Last Sunday I thought we had a nice afternoon off, perfect to head downtown and check out our new city museum and the successful ongoing exposition. Just before we left, I realized it was so successful you had to book tickets in advance for a specific entry time slot. That is practical and well organized, ...unfortunately last Sunday was already fully booked. As a matter of fact, the 2 remaining weeks of the exposition were almost fully booked despite some midnight openings in the coming week.

So I took our last chance and booked tickets for previous Thursday evening. I was very excited.

The entry in the new building didn't disappoint: the old pillars & pediment contrasted with the cool linear building behind, glass surfaces , staircases & squares. Hmm nice!

Inside the entire entry hall was packed with people. Most of them seemed uncertain where to go next, blocking each other's way. The personnel didn't really act to get the flow going. After following some arrows, multiple stairways up, we finally arrived in the horribly overcrowded exposition halls. Huh? Is this entry control? How many people did they allow inside in one time slot? You had to circle with your audio guide behind the many guided groups to get a glimpse of the small sketches, paintings or books displayed on which you are getting the explanation in your headphones. It really cost motivation to wait your turn to see something or to mingle yourself forward to check out some details on a huge wall tapestry etc... And when you finally were well in sight of a painting you could feel all of a sudden 20 pairs of eyes in your back and you can hear a guide telling "on the left you can see...., well unless someone's standing in front of it" or you got a push from other people working themselves forward.
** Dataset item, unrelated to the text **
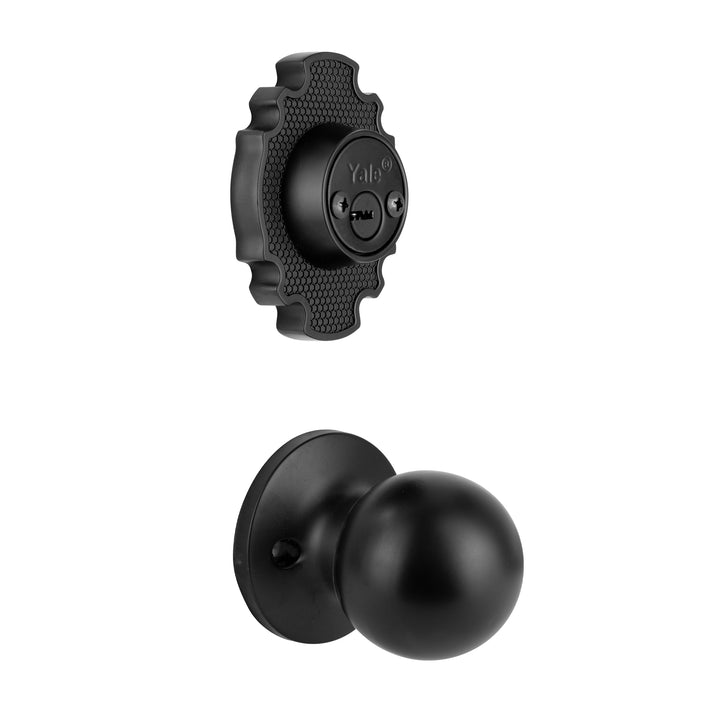 Yale Cerradura Gatillo San Cristóbal Tapachula Negro | Llave-Llave | Cerrojo Antisegueta 1" | Cilindro Latón 5 Pernos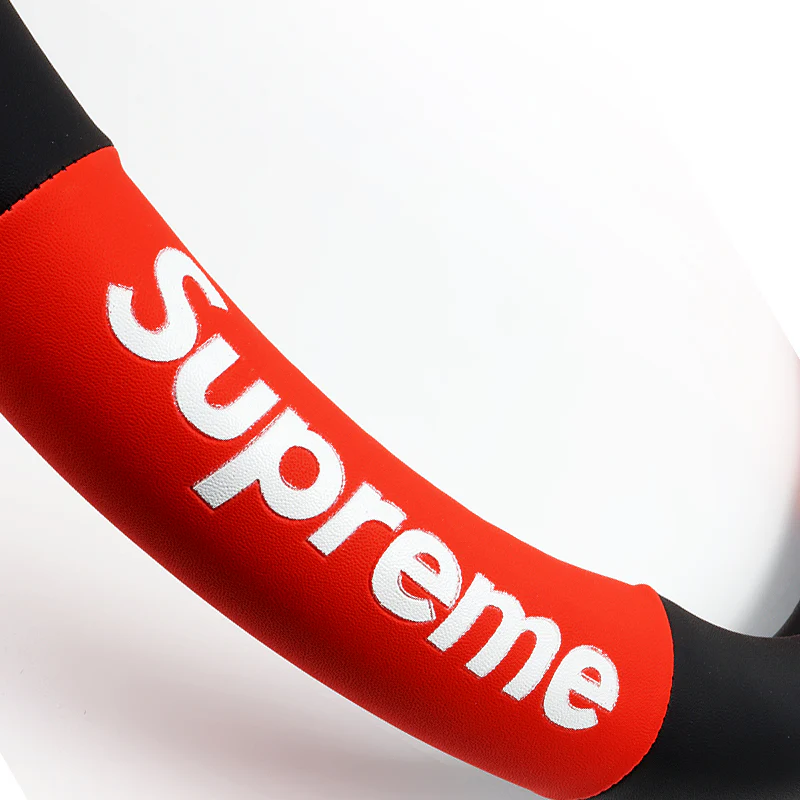 Universal Black RED 15" Quality Leather For Supreme3M Car Auto Steering Wheel Cover - Image 9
Aaaaaaaaaaaaarrrrgh, such an incredible exposition (oh yes, there's no doubt about that) ruined by bad access management. What an incredible pity. I truly wish that I could be locked up inside for a few hours taking the opportunity to study the incredible small details on these old paintings or reproductions in more time.

Another thing that disturbed me: there's truly not that many original Van Der Weyden's to be shown as history has lost many of them. So the exposition was well balanced with contemporary art inspired by Rogier, reproductions and inspired sculpting. OK fine, that's reality.
But why...why name every painting " xxx" inspired by Rogier Van Der Weyden......if the painting is eg a Memling! A Memling! Wouldn't that be worth mentioning? Why not giving more information on the what and who and uncertainties and backgrounds of reproductions and derived art? All info was concentrated on a few masterpieces (hence the line-ups and over crowdedness) whereas information was scarce on the majority of the other displayed pieces.

Anyway, I've enjoyed the exposition but I also left with some serious disappointments. M, the new museum "with international" ambition has some clear learning to do.